The administration also initiated a youth empowerment program targeting small-scale entrepreneurs and boda boda operators, providing training and access to microfinance through the Siaya County Enterprise Fund.

=== Land and community rights ===
In April 2025, Orengo led efforts to resolve long-standing disputes over community land in the Yala Delta. He emphasized that Siaya welcomes investment but will continue to protect local land ownership and ensure that development projects benefit residents directly

=== Public communication and governance ===
In August 2025, Siaya County officials clarified that Governor Orengo was away attending to a private matter following public speculation about his absence. The county secretary confirmed that all county operations remained uninterrupted and that the governor continued to oversee administrative functions.

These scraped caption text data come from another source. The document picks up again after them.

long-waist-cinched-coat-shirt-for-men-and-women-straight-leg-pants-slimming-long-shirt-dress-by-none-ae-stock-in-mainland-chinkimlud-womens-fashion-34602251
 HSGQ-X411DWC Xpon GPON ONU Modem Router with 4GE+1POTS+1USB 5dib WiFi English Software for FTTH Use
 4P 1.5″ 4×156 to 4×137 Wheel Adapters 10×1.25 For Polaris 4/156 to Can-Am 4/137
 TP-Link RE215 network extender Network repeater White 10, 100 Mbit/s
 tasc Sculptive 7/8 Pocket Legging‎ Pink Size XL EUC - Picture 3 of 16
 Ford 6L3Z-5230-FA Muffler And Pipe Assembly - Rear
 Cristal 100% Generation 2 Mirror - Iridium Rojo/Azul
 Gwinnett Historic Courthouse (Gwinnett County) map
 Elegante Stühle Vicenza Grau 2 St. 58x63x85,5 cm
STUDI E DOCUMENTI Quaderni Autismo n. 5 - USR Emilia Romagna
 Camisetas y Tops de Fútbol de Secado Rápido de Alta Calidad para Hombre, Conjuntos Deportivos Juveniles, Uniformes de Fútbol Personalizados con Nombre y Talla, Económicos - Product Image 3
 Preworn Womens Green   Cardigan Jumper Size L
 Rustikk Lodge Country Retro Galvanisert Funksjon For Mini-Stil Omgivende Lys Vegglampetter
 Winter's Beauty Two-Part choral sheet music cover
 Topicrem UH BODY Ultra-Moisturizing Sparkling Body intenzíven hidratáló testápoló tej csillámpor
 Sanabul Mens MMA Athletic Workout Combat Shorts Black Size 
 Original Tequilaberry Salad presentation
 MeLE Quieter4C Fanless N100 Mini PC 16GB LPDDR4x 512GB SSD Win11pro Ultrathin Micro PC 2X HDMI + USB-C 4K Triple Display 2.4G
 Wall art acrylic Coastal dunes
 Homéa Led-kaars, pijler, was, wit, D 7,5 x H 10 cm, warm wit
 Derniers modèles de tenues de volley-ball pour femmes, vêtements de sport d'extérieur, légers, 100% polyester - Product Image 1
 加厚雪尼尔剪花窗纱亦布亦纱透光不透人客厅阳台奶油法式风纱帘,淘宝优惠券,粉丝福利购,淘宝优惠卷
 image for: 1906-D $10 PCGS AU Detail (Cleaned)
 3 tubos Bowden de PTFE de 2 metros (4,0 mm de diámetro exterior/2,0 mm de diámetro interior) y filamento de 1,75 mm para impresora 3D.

Source: Kenyans.co.ke – County explains Governor Orengo’s absence

=== Clarification on false resignation reports ===
Later in August 2025, the Siaya County Assembly Speaker dismissed false reports circulating online that claimed Governor Orengo had resigned. Independent fact-checking organizations verified that the resignation letter was fabricated and reaffirmed that Orengo remained in office.

=== Development and service delivery ===
By early 2025, residents of Ugenya Ward and other parts of Siaya County praised Governor Orengo for improvements in healthcare and infrastructure. His administration expanded the Nyang’u Health Centre, improved drug supplies in public hospitals, reduced child mortality rates, and upgraded local markets and feeder roads.